This is an interesting study on a novel question: when administering booster doses of a vaccine, is it better to do so in the same arm or does it matter which arm is used?

The publication in question finds that administering the booster in the same arm as the previous dose improves the antibody response in the initial phases after administration, although after four weeks the response observed is similar when the booster dose is administered in the same arm or in the opposite arm. It uses a complex methodology involving a first laboratory phase in mice and a second phase with a limited number of human volunteers who receive two doses of a SARS-CoV-2 mRNA vaccine, the second in the same or opposite arm. The authors hypothesise that a subset of memory B cells remain in a specific area of the lymph node located in the region near the injection site and are activated early after the booster dose is administered.

The hypothesis is worth investigating because, if true, it could improve the effectiveness of vaccines at no cost and perhaps reduce the amount of antigen they contain.

However, the issue is far from clear. Other publications have reported preliminary results in the same vein, but others have found the opposite. The answers are therefore still a long way off. It is too early to propose changes to vaccination guidelines establishing that booster doses should be administered in one limb or the other.

The specific immune response, both from T lymphocytes (responsible for cellular immunity) and B lymphocytes (responsible for antibody production), takes place in the so-called secondary organs of the immune system, which include the lymph nodes. After immunisation, antigen-presenting cells residing in the different layers of the skin capture the antigen and must migrate to the nearest lymph nodes. There, they begin to present the antigen until they find a B cell that recognises it, activates and begins to produce antibodies, ultimately generating memory cells that will activate upon a second encounter with the same antigen.

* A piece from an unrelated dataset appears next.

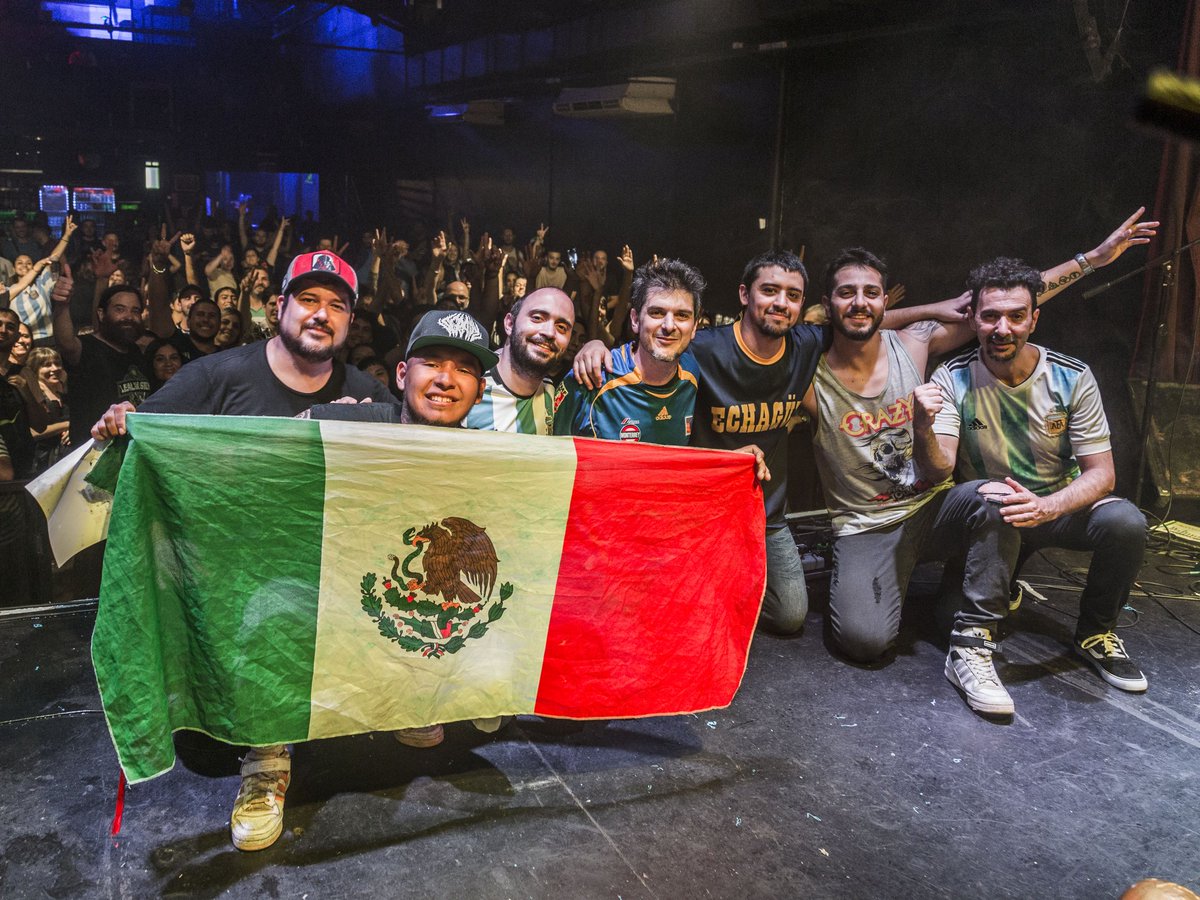 revanchistas27's tweet photo. El 23 de diciembre cerramos el año en el @theroxyarg y lo hicimos con una sonrisa enorme. Se vivió un recital lleno de emociones, exploto el roxy de cómo agitaron todos.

The Australian study has shown that re-immunisation in the same area where the first contact with the antigen occurred leads to a faster and more effective immune response. The reason is that the cells residing in the lymph nodes in the area, especially memory B cells, would have a greater response capacity because they are in a pre-sensitised environment that has already responded to that antigen.

The elegant study not only demonstrates the dynamics of the response in animal models, but also verifies it in a group of volunteers who underwent vaccination against SARS-CoV-2 (COVID-19). Although people who were re-immunised in the same arm responded more quickly and effectively than those immunised in the contralateral arm, this difference tended to neutralise over time. Therefore, while contralateral immunisation will also be effective in the long term, this discovery may be important in a pandemic setting, where rapid and powerful protection of the population is required.

The study has two clearly distinct parts: one conducted on mice, which would not be of practical interest until the data is confirmed in humans, and the other conducted on humans: 30 people, divided into two groups of 20 and 10, respectively, which seems like a small sample size to draw definitive conclusions (it may be useful for generating hypotheses). There is one part that seems clearly incorrect, which is when Figure 6H refers to ‘expected vaccine efficacy’: to date, it has not been possible to predict efficacy against COVID-19 based on antibody titres.

It provides new information on some immunological aspects, but this is of little practical application in the current context. There are some articles published on this subject, one of which supports the results of this study, while another says that the result would be similar when vaccinating the same limb as the opposite limb.

Another article published in The Journal of Clinical Investigation [which gave results contrary to the current one] is suggestive because the sample size is almost 1,000 people, which gives it significant statistical power. However, the diversity of results in different studies tells us that this is still an issue without sufficiently firm evidence and that more research is needed.

The difference between immune response and clinical protection must also be taken into account. Many results measured by immune response do not translate into greater or lesser clinical protection against the disease. In other words, in general, we always prefer a stronger immune response, a higher antibody titre, etc., but this does not necessarily translate into better clinical protection (for example, there are vaccines that have what we call a protective correlate: the antibody titre value at which we are considered to be protected. Well, theoretically, you always prefer a higher titre, but in practice, once the immune response, which we consider protective, has been achieved, having higher titres does not translate into greater clinical protection).

For all these reasons, the results must be put into perspective, because there is currently conflicting data between different studies and because, even if they were consistent, we would have to put that data into context with regard to whether or not there is greater clinical protection. Nevertheless, these are interesting data that will need to be investigated further.

[Regarding possible limitations] Perhaps the greatest limitation is the small sample size (30 people) and the short follow-up period, with other studies on this topic having a much longer follow-up period.